Broader Interests. I am also interested
in various aspects of language such as acquisition, the underlying
representations of semantics, and the dynamics of conversation. Early in my
graduate training I studied the effect of adding visual referents to an
auditorily presented artificial grammar that contained a rule-violating
idiomatic construction (Jones & Kaschak, 2009).
In previous research, the variability introduced by the idiomatic structure
served to highlight the rules of the grammar. Adding the visual stimuli
disrupted this benefit, suggesting that the contribution of idiomatic
constructions to grammar learning is altered once semantics are introduced out
of context. I have plans additional studies to provide such a context. I have
also explored the role of implicit learning ability as an individual difference
moderating one’s sensitivity to changes in the frequency of one of two English
language sentence constructions (Kaschak, Kutta, & Jones, in press).

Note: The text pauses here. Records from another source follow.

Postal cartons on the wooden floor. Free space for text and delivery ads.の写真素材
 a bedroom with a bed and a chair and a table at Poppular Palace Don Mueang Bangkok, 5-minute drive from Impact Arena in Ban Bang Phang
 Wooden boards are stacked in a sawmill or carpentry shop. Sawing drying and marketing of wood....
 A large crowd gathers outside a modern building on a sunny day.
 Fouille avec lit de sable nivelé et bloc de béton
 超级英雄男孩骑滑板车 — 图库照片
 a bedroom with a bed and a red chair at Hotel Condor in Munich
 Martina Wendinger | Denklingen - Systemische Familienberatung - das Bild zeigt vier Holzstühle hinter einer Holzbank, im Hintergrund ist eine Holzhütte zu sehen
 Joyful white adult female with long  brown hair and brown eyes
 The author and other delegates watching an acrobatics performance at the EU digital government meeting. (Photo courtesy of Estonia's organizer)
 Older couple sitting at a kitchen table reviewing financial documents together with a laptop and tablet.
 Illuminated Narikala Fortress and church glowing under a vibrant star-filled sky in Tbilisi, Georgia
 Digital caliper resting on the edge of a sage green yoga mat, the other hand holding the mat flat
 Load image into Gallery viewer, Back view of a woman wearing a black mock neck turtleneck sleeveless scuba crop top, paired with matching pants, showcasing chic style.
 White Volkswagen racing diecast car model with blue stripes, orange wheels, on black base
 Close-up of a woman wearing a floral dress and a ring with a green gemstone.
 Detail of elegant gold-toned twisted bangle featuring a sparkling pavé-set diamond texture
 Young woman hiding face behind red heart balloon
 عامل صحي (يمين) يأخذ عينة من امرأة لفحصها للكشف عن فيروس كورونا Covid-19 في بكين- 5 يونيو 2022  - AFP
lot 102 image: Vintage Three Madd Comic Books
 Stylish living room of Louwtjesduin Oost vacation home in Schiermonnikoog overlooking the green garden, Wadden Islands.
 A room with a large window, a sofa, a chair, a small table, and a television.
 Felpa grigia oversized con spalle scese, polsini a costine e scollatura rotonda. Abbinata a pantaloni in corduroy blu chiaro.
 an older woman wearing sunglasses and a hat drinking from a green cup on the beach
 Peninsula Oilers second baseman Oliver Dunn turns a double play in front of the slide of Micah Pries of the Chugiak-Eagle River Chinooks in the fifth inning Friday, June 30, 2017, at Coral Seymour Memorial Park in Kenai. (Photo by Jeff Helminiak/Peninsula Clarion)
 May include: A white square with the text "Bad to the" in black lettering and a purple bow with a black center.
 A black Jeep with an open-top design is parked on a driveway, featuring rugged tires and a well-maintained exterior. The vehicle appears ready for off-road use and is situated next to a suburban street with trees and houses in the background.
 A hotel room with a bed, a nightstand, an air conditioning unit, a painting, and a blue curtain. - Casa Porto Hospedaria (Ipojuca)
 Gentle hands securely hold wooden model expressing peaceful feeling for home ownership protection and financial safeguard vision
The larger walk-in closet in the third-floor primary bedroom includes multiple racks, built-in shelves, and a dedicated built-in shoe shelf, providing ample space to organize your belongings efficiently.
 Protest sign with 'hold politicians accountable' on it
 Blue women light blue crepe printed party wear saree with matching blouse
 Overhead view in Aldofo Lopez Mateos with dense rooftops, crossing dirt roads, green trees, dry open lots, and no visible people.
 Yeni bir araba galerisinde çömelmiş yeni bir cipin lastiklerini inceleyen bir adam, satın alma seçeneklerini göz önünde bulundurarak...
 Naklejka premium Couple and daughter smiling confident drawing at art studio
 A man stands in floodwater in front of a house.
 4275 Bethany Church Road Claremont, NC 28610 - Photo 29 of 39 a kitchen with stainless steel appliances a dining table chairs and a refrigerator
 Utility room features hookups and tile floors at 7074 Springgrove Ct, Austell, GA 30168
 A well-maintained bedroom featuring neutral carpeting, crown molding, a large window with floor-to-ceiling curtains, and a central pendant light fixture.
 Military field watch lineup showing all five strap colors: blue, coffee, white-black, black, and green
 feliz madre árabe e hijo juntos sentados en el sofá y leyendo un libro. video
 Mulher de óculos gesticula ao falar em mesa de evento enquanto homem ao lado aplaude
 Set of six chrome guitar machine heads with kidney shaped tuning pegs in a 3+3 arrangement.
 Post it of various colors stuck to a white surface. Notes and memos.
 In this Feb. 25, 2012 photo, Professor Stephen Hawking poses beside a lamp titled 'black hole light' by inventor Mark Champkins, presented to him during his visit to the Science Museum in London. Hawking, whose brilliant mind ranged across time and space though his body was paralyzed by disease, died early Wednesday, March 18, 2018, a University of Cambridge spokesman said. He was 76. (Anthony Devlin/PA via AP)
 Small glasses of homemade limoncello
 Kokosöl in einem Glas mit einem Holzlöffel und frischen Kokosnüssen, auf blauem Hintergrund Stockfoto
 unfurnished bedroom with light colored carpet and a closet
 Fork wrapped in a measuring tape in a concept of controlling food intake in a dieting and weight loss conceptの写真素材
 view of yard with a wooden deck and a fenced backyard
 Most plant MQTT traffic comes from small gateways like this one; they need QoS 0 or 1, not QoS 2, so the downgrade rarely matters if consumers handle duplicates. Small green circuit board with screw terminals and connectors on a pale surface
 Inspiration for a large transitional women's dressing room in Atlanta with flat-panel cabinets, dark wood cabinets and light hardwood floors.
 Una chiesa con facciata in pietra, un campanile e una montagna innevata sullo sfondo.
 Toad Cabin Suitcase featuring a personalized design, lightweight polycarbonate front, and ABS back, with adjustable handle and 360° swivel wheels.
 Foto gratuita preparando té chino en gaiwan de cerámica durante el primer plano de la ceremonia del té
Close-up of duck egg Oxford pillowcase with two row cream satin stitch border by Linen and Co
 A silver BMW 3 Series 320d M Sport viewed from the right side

In this study there was only
weak relation between implicit learning ability and change in the low frequency
construction. The properties of the implicit learning task seemed to tap a
different mode of learning that only partially overlapped with language
production. Both of these studies highlight the specificity of the cognitive
representations underlying each task, which, in turn, suggests a functional
dynamic model of cognition that organizes around the current state of the
environment to achieve a certain outcome.
I
look forward to integrating my research with others in collaborations focused
on a variety of topics. For one, research on the early development of perceptual,
conceptual, and language skills would benefit from theoretical models that
emphasize representational specificity in an effort to elucidate what
perceptual and conceptual dispositions exist to learning some information more
readily than others. As another example, establishing social and business
relationships of all kinds entails learning patterns of behavior which, in
turn, leads to expectations about others. I am interested in how these networks
of expectations shape behavior, especially the consequences of and difficulties
encountered when an individual changes or wants to change. I am also interested
in contributing to computational modeling efforts directed at both answering
theoretical questions and in developing artificial intelligence.
My research interests are broadly
centered on how people perceive, represent, store, and utilize information in
an undulating world. Grappling with, and providing some answers to how this is
achieved has the potential to make contact with virtually every aspect of our
personal and social lives. It is an ambitious program, but rich with potential
to make an impact on our theoretical understanding of ourselves and to address
the practical issues of life.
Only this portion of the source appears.